College Scorecard API in R#

by Michael T. Moen

The College Scorecard API is an online tool hosted by the U.S. Department of Education that contains data concerning higher education institutions.

Please see the following resources for more information on API usage:

NOTE: Please see access details and rate limit requests for this API in the official documentation.

These recipe examples were tested on March 23, 2026.

Setup#

Load Libraries#

The following packages need to be installed into your environment to run the code examples in this tutorial.
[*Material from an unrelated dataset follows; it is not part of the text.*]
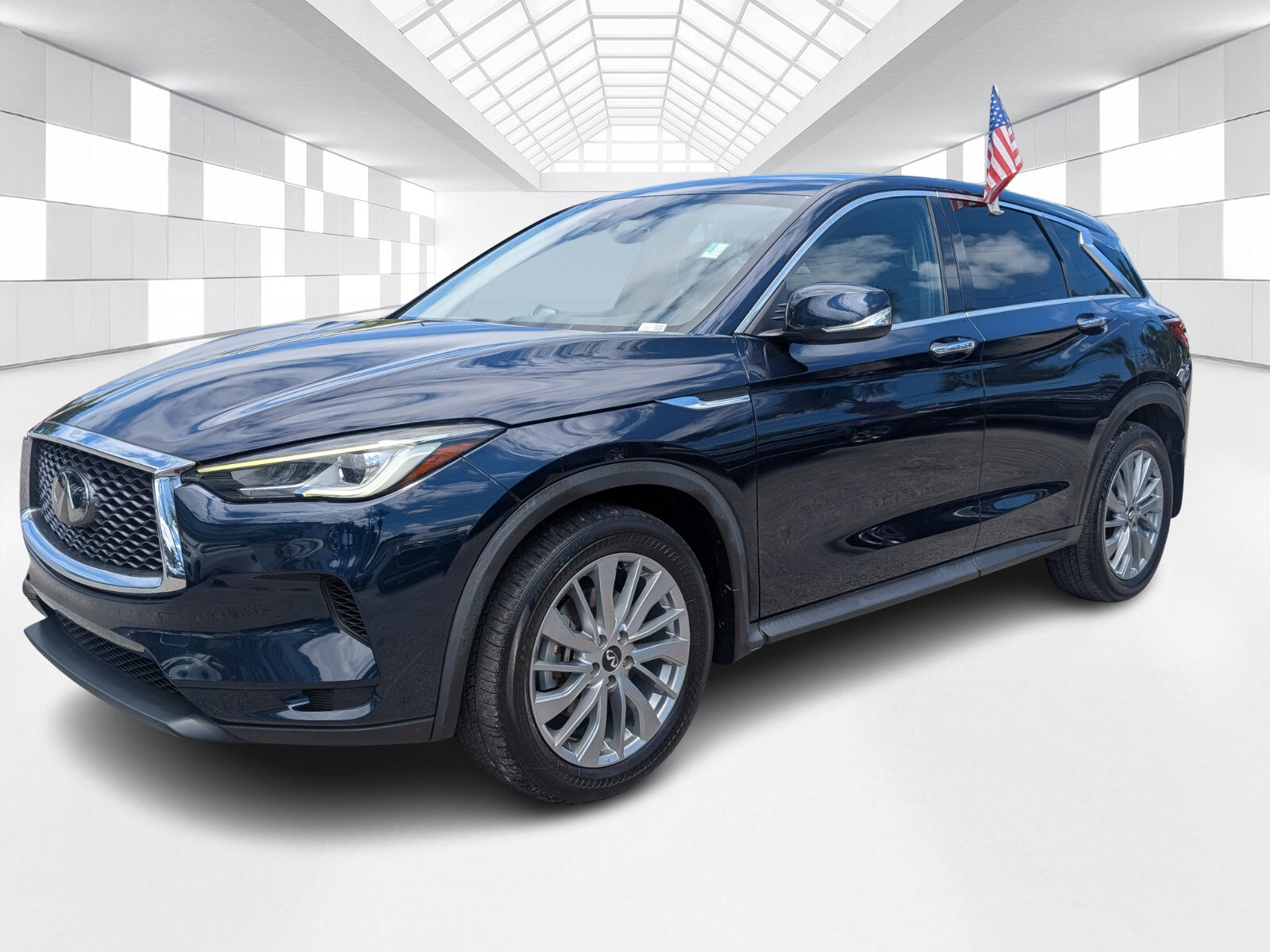 Used 2023 INFINITI QX50 Pure FWD image 3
These packages can be installed with install.packages().

We load the libraries used in this tutorial below:

library(httr)
library(jsonlite)

Import API Key#

An API key is required for to access the College Scorecard API. You can sign up for one at College Scorecard Website.

We keep our token in a .Renviron file that is stored in the working directory and use Sys.getenv() to access it. The .Renviron should have an entry like the one below.

COLLEGE_SCORECARD_API_KEY="PUT_YOUR_API_KEY_HERE"

Below, we can test to whether the key was successfully imported.

if (nzchar(Sys.getenv("COLLEGE_SCORECARD_API_KEY"))) {
  print("API key successfully loaded.")
} else {
  warning("API key not found or is empty.")
}
## [1] "API key successfully loaded."

1. Get Names of All Institutions#

To start, we’ll use a basic query to find the names of all educational institutions recognized by the College Scorecard API.

All of the data for the API can be found using the v1/schools endpoint.

Fields in the College Scorecard API are accessed with a <time>.<category>.<name> sequence:

  • <time> indicates the year of the data to be accessed. To access the most recent data, use latest.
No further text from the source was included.